Operation Manual

Developing Sites and Pages 85

Excluding pages from indexing (Robots file)

The objective of this method is the same as that for using a robots meta tag,

but instead a robots.txt file is created and no robots meta tag is included in

Web pages. The robots.txt file is stored in the Web site's root folder and can

be viewed in any text editor to verify the excluded pages and folders.

To enable a robots.txt file:

1. (For the site) Choose Site Properties... from the File menu.

(For a page) Right-click the page in the workspace or Site tab and choose

Page Properties... (or choose the item from the Edit menu).

2. Check the Create search engine robots file option.
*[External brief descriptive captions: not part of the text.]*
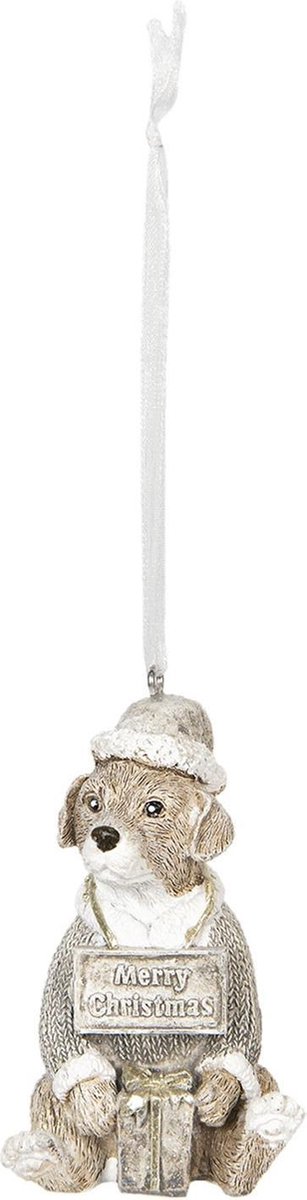 Clayre & Eef Decoratie Hanger Hond 4*4*8 cm Wit Kunststof Kersthanger Kerstboomversiering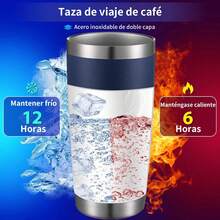 Termo de Acero Inoxidable Aislado al Vacío de 20 Onzas, Azul - Ideal para Trabajo, Viajes y Hogar, Regalo de Navidad - Azul - Ver 3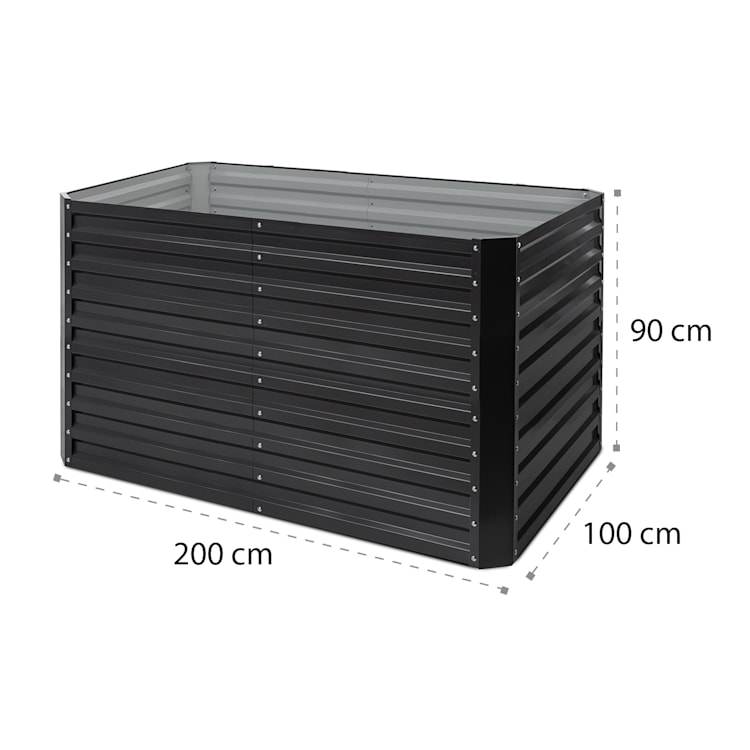 High Grow Straight Hochbeet 200x90x100cm 1800l Stahl 200 x 100 x 90 cm | Anthrazit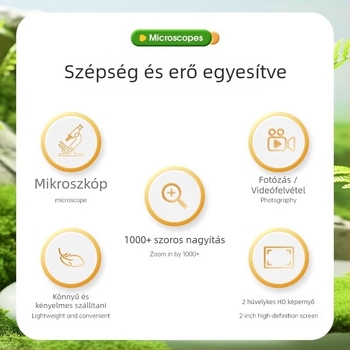 X10 Gyerekeknek hordozható 4K mikroszkóp kamera kijelzővel, 2 hüvelykes LCD, TF tárhely, ABS ház
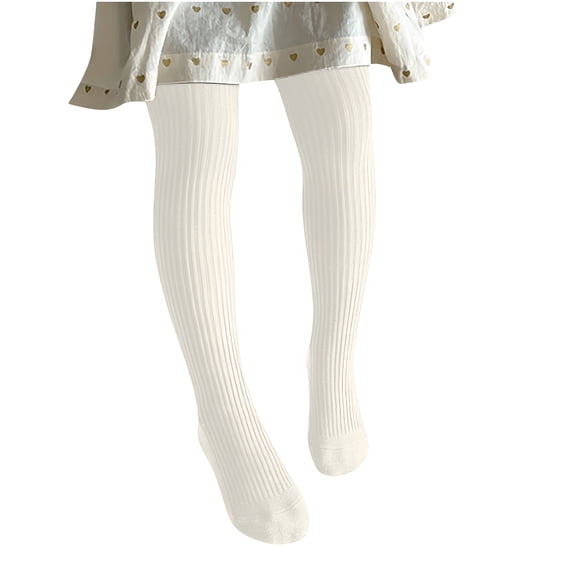 TELOLY Cotton Cable Knitted Tights for Girls Winter Warm Stockings Solid Color Comfortable Fit Leggings Seamless Tights Warm Stretchy Breathable Pantyhose Beige M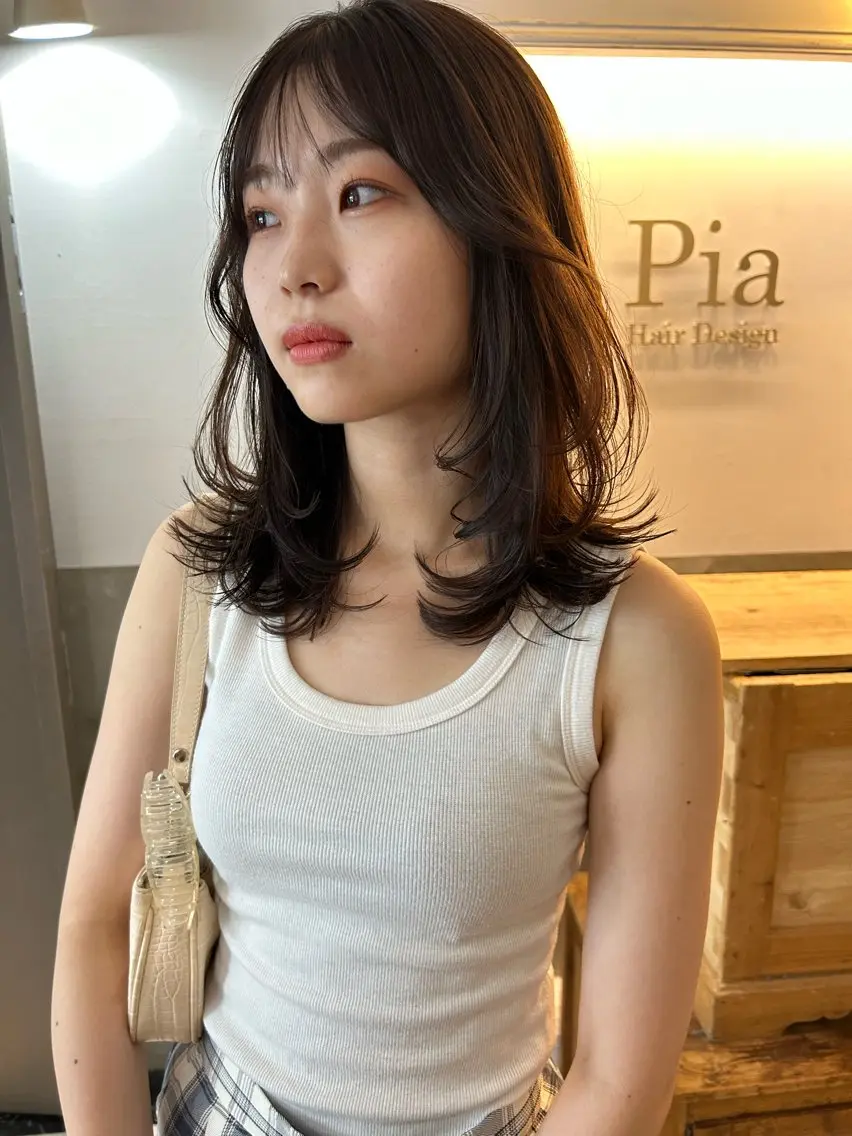 セミロング カラー カット ヘアカラー トリートメント Pia ツボイ ケイタのヘアスタイル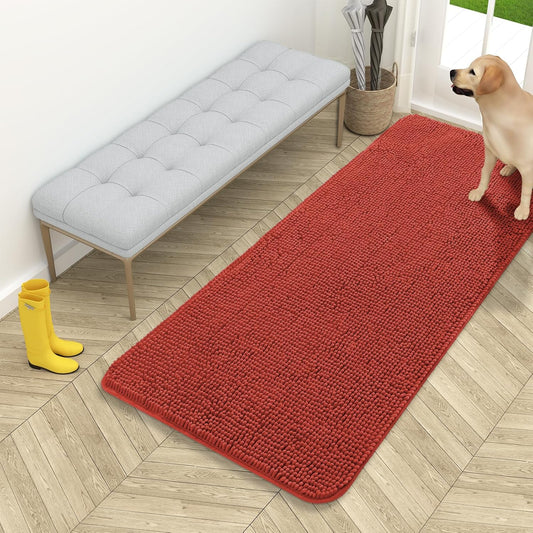 OLANLY Dog Door Mat - Absorbent Non-Slip Washable Doormat for Muddy Paws | 54x24 Maple Red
3. (For the site) To allow or prevent search engines indexing the entire site

(check/uncheck Index pages on this site option).

(For a page) To prevent search engines indexing the page, check

Override site search engine settings, then uncheck the Index this page

option.

Including pages in indexing

So far we've looked primarily at methods of excluding Web pages from

indexing. Without these controls, Web pages will be indexed by discovering

page hyperlinks and crawling through them, harvesting keywords,

descriptions, and page text to be indexed. However, this process may not be

efficient as there may be a limited number of inter-page hyperlinks present

throughout your site. As a result, a search engine sitemap file (sitemap.xml)

can be created to act as a local lookup for crawlers to begin investigating your

site. The file simply lists pages in your Web site that you've decided can be

indexed. The file also indicates to search engines when pages have been

modified, informs when the search engine should check the page and how

"important" pages are in relation to each other.

The Sitemap method is especially good for "advertising" your Web site

pages—with a greater likelihood of your pages appearing high in a user's

search results.